Tymoshenko snaps at Poroshenko's heels
Some 50% of respondents in a survey conducted two weeks before deputy prosecutor general Vitaliy Kasko’s resignation said that fighting corruption is the single most important area of reform needed in 2016. / Perohanych - CC BY-SA 4.0
By Henry Kirby in London March 2, 2016

Ukrainian Prime Minister Arseniy Yatsenyuk’s People’s Front party would have failed to win a single seat in parliament if elections had been held in February, a poll has found, while former premier Yulia Tymoshenko and her Fatherland party would have received more than 15% of the vote – nearly 10 percentage points more than it did in the 2014 general election.

The poll, by the Kyiv International Institute of Sociology (KIIS), asked respondents how they would have voted in hypothetical parliamentary and presidential elections in February.

The parties of Ukrainian President Petro Poroshenko and Prime Minister Yatsenyuk were the only ones to receive ratings lower than the share of the popular vote that they received in the 2014 election, with the Poroshenko Bloc scoring 16.6% - 5.2pps lower than their 2014 vote share - and Yatsenyuk’s People’s Front scoring 2.5%, 19.6pps lower than in 2014.

The biggest gain was made by ex-PM Yulia Tymoshenko’s Fatherland party, which received a 15.1% rating, only 1.5pps less than the Poroshenko Bloc. Fatherland received only 5.7% of the popular vote in 2014.

Tymoshenko was imprisoned in 2011 under shaky charges of embezzlement and abuses of power dating back to her time as PM, but has been clawing back support since her release in 2014. She now sits only 5.7pps behind Poroshenko in KIIS’ presidential poll, at 17.1%. Poroshenko’s rating of 22.8% is a massive 31.9pps lower than the vote share with which he won the presidency in 2014.

The poll results show a relatively even distribution of support across five parties that, up until mid-February, made up the ruling, pro-European coalition that had led the country following the 2014 elections.

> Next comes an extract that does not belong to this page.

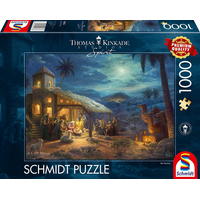 SCHMIDT Puzzle Spirit: Zrození 1000 dílků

Since then, Tymoshenko’s Fatherland, and fellow coalition party Self Reliance, have quit the coalition, with Tymoshenko citing as a reason the “reign of a shadow clan-political coalition” controlling the government, following a failed attempt to engineer a parliamentaty vote of no confidence against PM Arseniy Yatsenyuk on February 16.

A further survey, by polling firm TNS Global, found that corruption is by far the biggest issue for most Ukrainians, with 50% of respondents in a survey conducted two weeks before Kasko’s resignation saying that fighting corruption is the single most important area of reforms in 2016.

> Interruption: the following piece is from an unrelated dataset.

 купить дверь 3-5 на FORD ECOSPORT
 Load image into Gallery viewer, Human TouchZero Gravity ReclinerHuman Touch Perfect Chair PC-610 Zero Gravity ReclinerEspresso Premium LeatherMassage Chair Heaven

The same survey found that the public prosecutor’s office was considered the second-most corrupt public institution in Ukraine, with 79% of respondents choosing it – only 5pps less than those who believed that Ukrainian courts are the most corrupt.

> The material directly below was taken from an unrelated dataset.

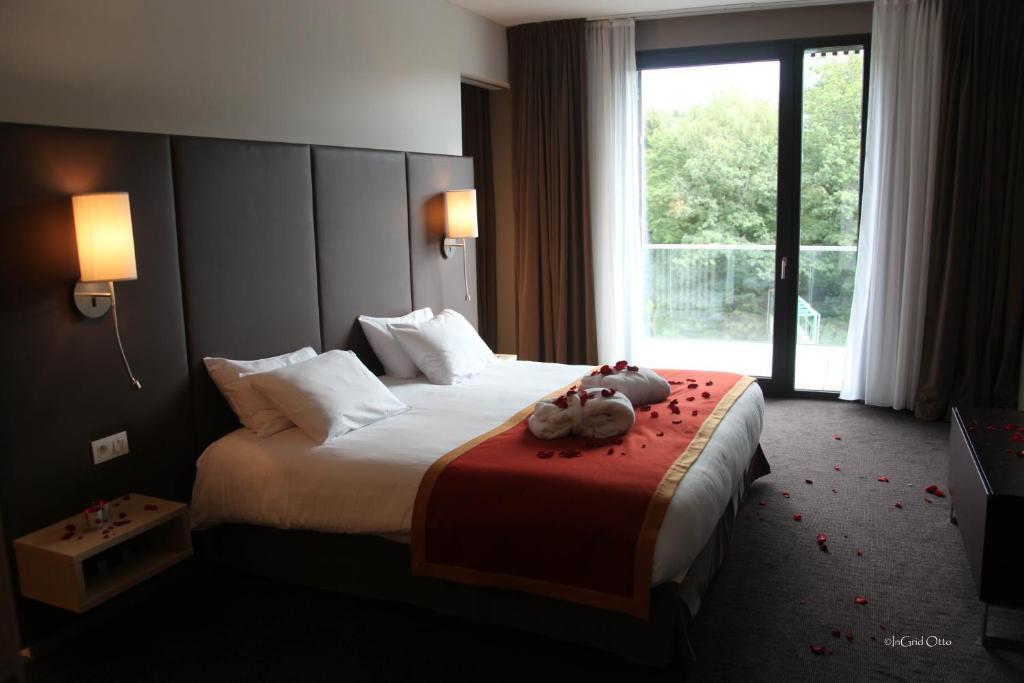 Hotel De La Source Francorchamps Quarto foto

The failed attempt to oust Yatsenyuk came after two senior, reformist figures within Ukraine’s ruling administration resigned in quick succession, claiming that rampant corruption made their jobs impossible.

Reformist Economy Minister Aivaras Abromavicius resigned in protest against what he described as pressure “to be a cover for corruption” and to appoint “dubious people” to run state companies, while deputy prosecutor general, Vitaliy Kasko, who accused the prosecutor’s office of being a body “saturated with corruption and cover-ups” also stepped down.